Moving Cooler: An Analysis of Transportation Strategies for Reducing Greenhouse Gas Emissions

Moving Cooler: An Analysis of Transportation Strategies for Reducing Greenhouse Gas Emissions. (2009). Cambridge Systematics, Inc. for the Urban Land Institute.

Energy-efficient vehicles and cleaner fuels alone will not solve the nation’s problem of reducing greenhouse gas emissions—the U.S. must also adopt policies that encourage compact development, reduce driving and expand mass transit use, in order to reduce greenhouse gas (GHG) emissions, according to Moving Cooler: An Analysis of Transportation Strategies for Reducing Greenhouse Gas Emissions, a report released by the Urban Land Institute. The stakes are high, because transportation accounts for roughly 28 percent of the country’s greenhouse gas emissions, and the sector has been one of the fastest-growing in the past two decades—representing nearly half of the nation’s total increase in GHG emissions since 1990.

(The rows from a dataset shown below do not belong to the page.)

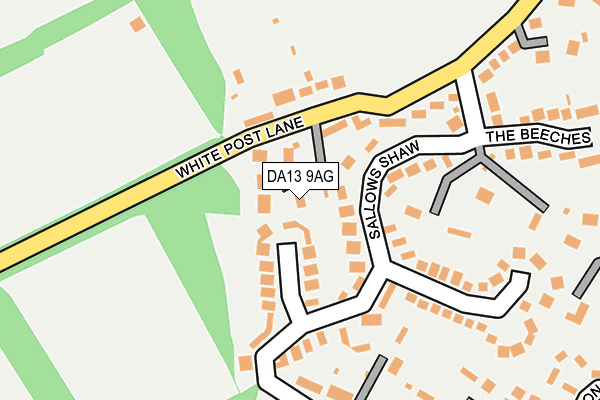 DA13 9AG map - OS OpenMap – Local (Ordnance Survey)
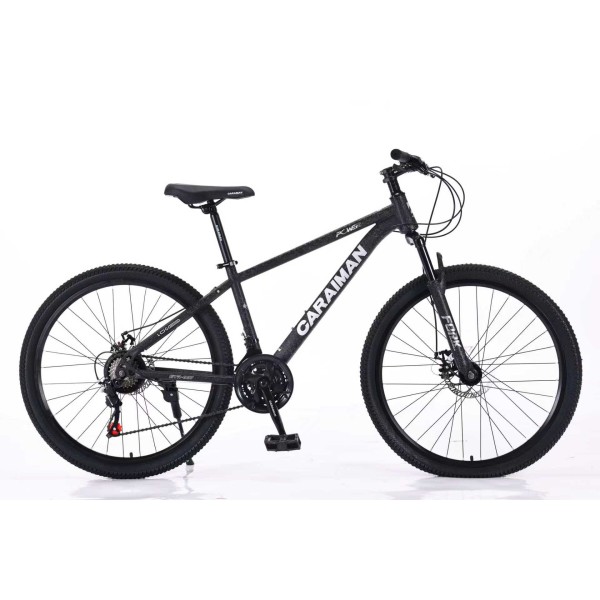 Bicicleta MTB cu Roti de 24 GTR-007, 21 Viteze, Manete Secventiale Shimano, Negru Bicicleta MTB cu Roti de 24 GTR-007, 21 Viteze, Manete Secventiale Shimano, Negru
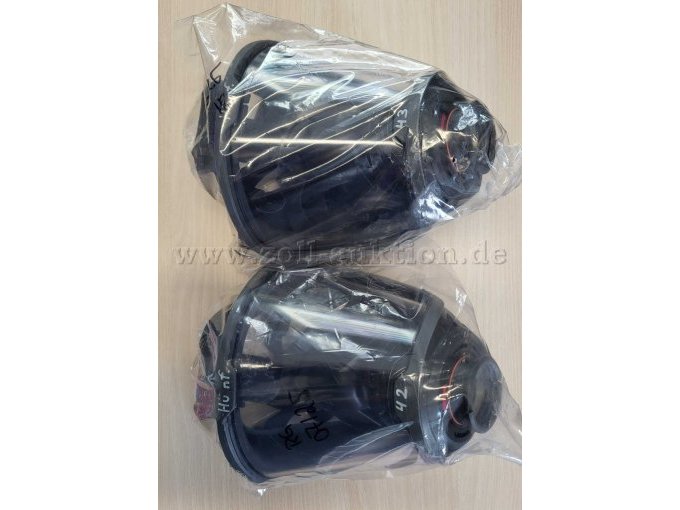 2 Vollmasken der Marke MSA G1, PF-ESA, DIN EN136 Kl 3. Größe M mit Kopfspinne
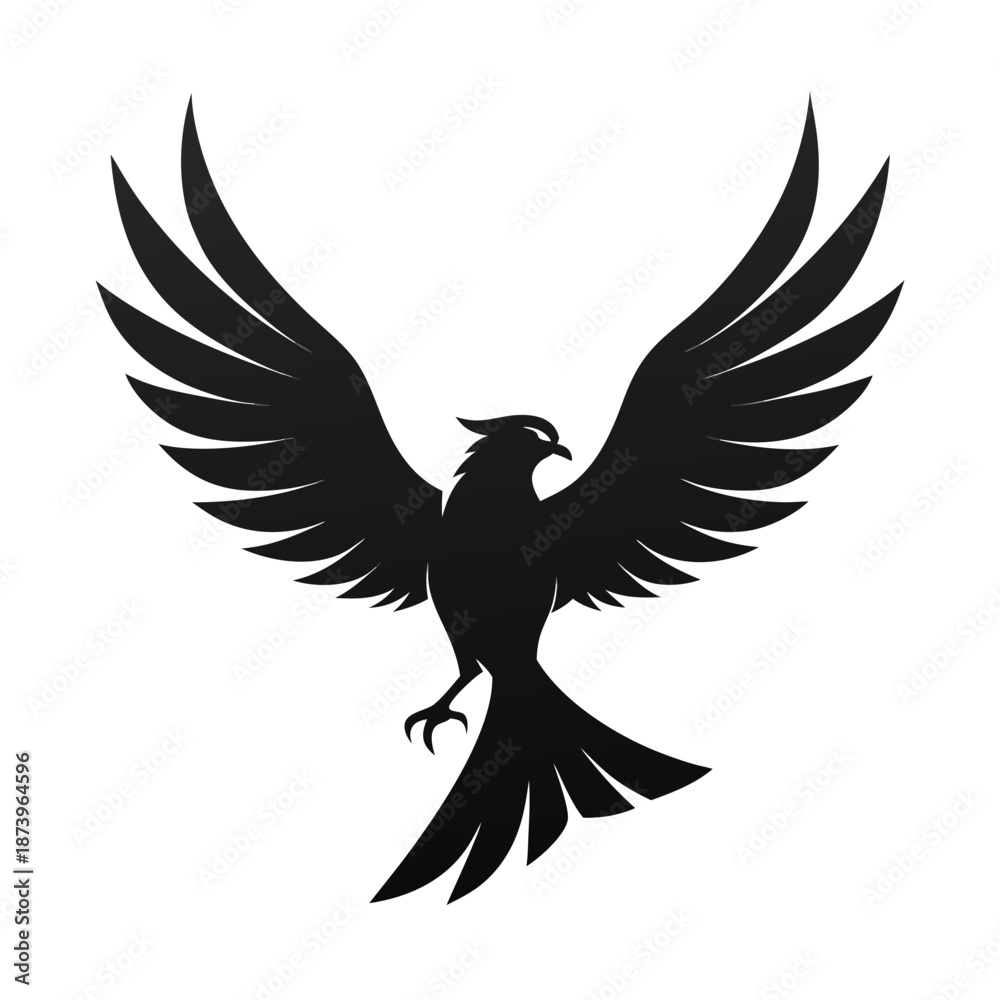 Fototapeta premium Majestic Eagle Landing with Wings Raised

Moving Cooler finds that the U.S. could cut greenhouse gas emissions by as much as 24 percent by 2050, without road pricing strategies, through a bundle of policies that would result in changes to current land use patterns, travel behavior, transportation systems and operations, and regulatory strategies. If pricing measures (such as pay-as-you-go driver’s insurance, direct fees for vehicle miles traveled, carbon pricing or increased gasoline tax were added) GHG emissions reductions could be as high as 41 to 52 percent. The report found environmental gains from advances in fuel efficiency would be mostly undermined by increased travel and population, making it important to address the efficiency of the transportation sector by investing in land-use planning, public transit, and other low-carbon alternatives.

According to the report’s authors, Cambridge Systematics, the particular approaches that would contribute most to greenhouse gas reductions are:

  • Local and regional regulations that increase the cost of single occupancy vehicle travel
  • Regulations that reduce and enforce speed limits
  • Educational efforts that encourage “eco-driving” behavior
  • Smart growth strategies that reduce travel distances, and
  • Multimodal strategies that expand options for travel.

These approaches were also evaluated as part of one of nine categories of strategies. Land use strategies were found to produce the largest reduction in emissions of all 50 strategies over the long term. Other categories of strategies investigated were transportation pricing and taxes, public transportation improvements, non-motorized transport such as walking and biking, regulations to moderate vehicle use and speed, intelligent systems, expanded highway capacity and more efficient freight movement. The effectiveness of each strategy in cutting greenhouse gas emissions was measured against a baseline representing current trends.